Cities, maps and data visualization are frequent obsessions around here, and the intersection of the three hits a sweet spot of the finest kind. But how did urbanism, cartography and information visualization first come together, and where are they going as bedfellows? That’s exactly what Nadia Amoroso explores in The Exposed City: Mapping the Urban Invisibles — an ambitious study of the invisible elements of the city, from demographics to traffic patterns to crime rate to environment, through “map-landscapes.” With a foreword by iconic information architect and TED founder Richard Saul Wurman, the book traces the work of pioneers across cartography, information design, urban planning and other disciplines that have historically shaped our understanding of place and spatial relations, alongside bleeding-edge projects from contemporary innovators across data visualization, open-source mapping and other facets of technology-empowered urbanism.

It’s Man’s Ability to Perceive, it’s the MAP. It’s also the map through time with the ease of quick time and computer graphics and morphing, changing one pattern with another.

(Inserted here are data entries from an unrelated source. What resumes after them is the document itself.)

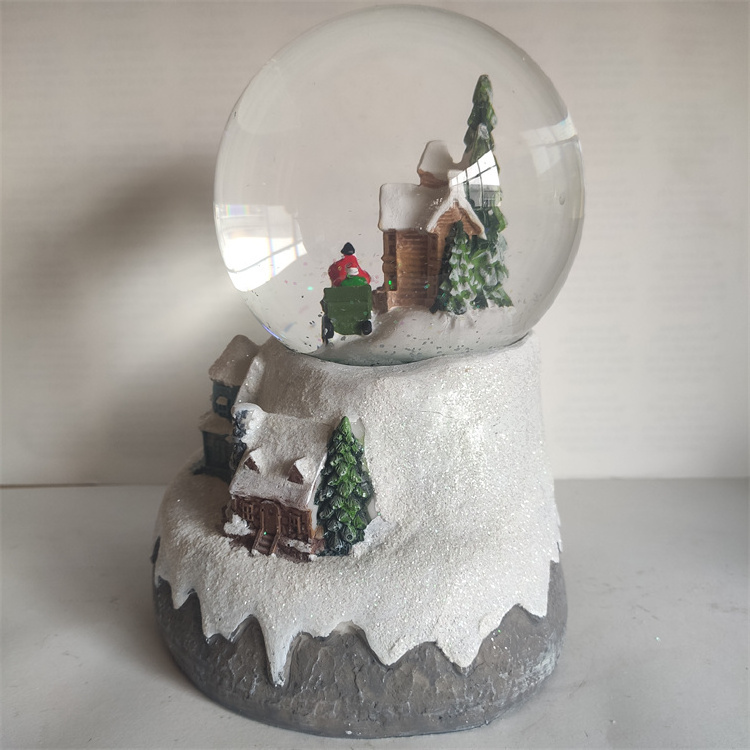 Customize snow Ball Santa Claus on Sleigh and Snowy Village Rotating Musical Christmas Water Globe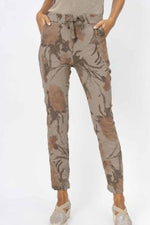 Floral Print Crinkle Jogger Pant - Taupe
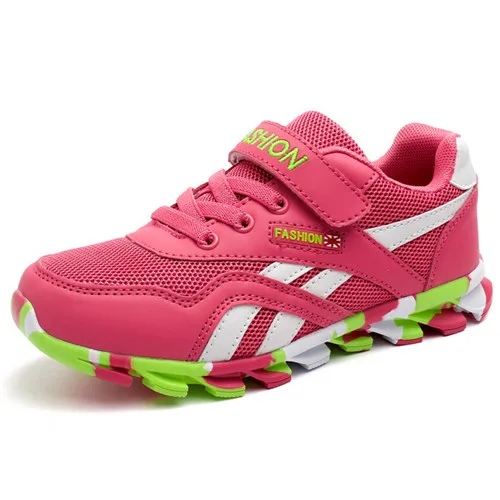Новинка, детская обувь для девочек и мальчиков, спортивная обувь, модные детские кроссовки, дышащая обувь для бега, удобная Уличная обувь, 26-37 - Цвет: pink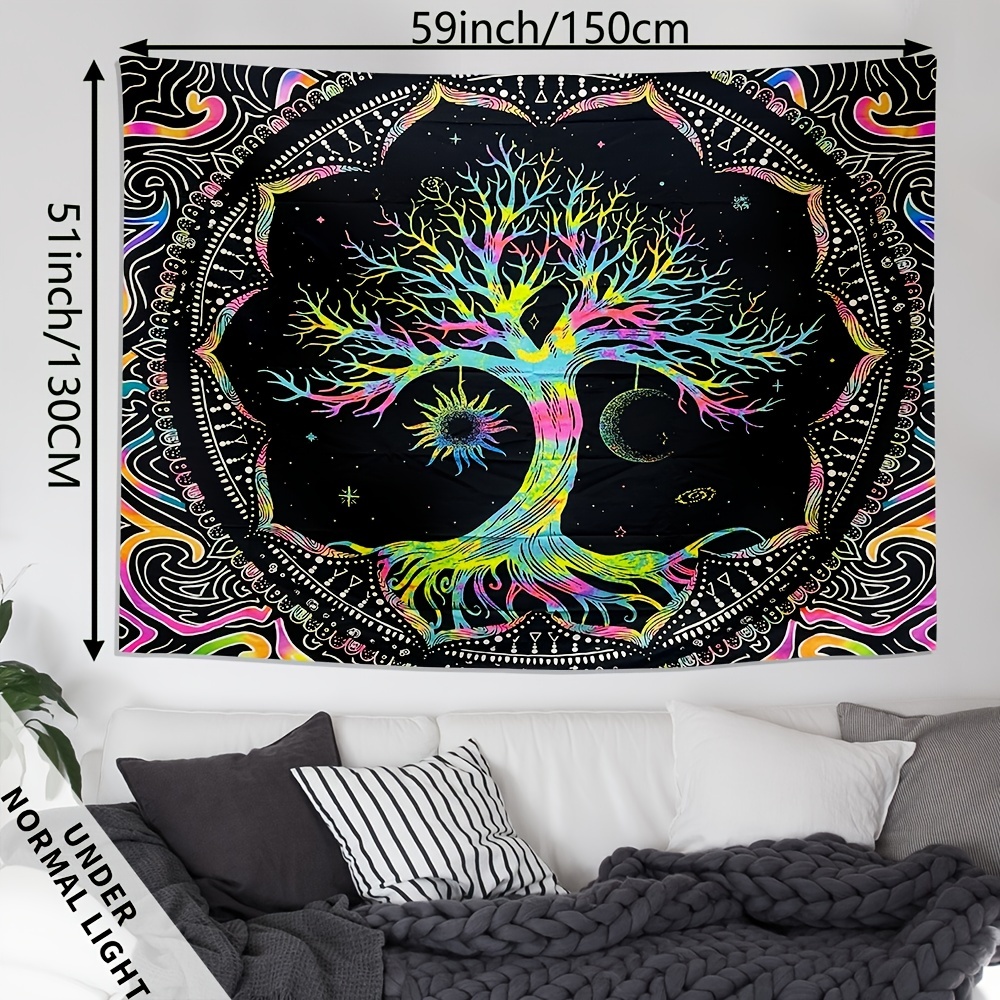 1pc Peach Light Beige 90gsm Psychedelic Tree Of Life Tapestry Neon Glow In The Dark UV Black Light Wall Hanging For Bedroom Decor Wall Art_voghion.com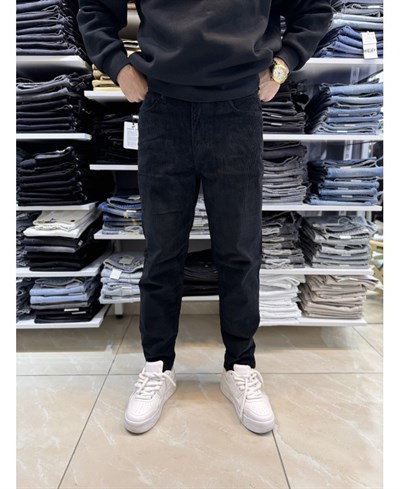 Casual Men Siyah Kadife Boyfriend Fit Erkek Pantolon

Time telling a story through a day, a week or a year. Time showing change, it’s the transparency of information combined with other information creating a third piece of information.” ~ Richard Saul Wurman

(Sound familiar?)

From the ancient maps of Ptolemy, to the seminal work of legends like information design pioneer Edward Tufte, cognitive mapping trailblazer Kevin Lynch and father-of-pictograms Otto Neurath (remember him?), to the latest insights from MIT’s SENSEable City Lab and Google Earth co-founder Mark Aubin, Ambroso covers an incredible spectrum of chronology, subject matter and techniques, appropriate for the interconnected, dimensional complexity of cities as living organisms.

One particularly interesting pioneer examined is artist and architect Hugh Ferriss (1889-1962) and his depiction of New York City zoning laws, touching on the potential of drawings to explore and reveal the “invisible” dimensions of cities — something we’ve previously considered in the Invisible Cities transmedia mapping project, which uses social networking data in 2011 to do what Ferriss did with paint, paper and imagination in 1916.

Not only did his drawings become expressive vistas into the future of Manhattan’s architectural and urban design conditions, as legacies of one of the most talented artists of the period, Ferriss’s depictions also synthesize the positivist and progressive spirit of their era. These drawings foreshadowed a city which, due to its threatening qualities, was destined to remain as only pictorial.” ~ Nadia Ambroso

What made Ferriss’s drawings so successful, Amoroso notes, is that they were able to garner the attention of a wide and cross-disciplinary audience — artists, architects, urban planners, developers and city officials alike — which raises an interesting question about the nature of contemporary urban innovation and the need for cross-disciplinary engagement.

This month, Amoroso launched DataAppeal, a web-based visualization tool for creating 3D and 4D data maps and animations, based on concepts from The Exposed City.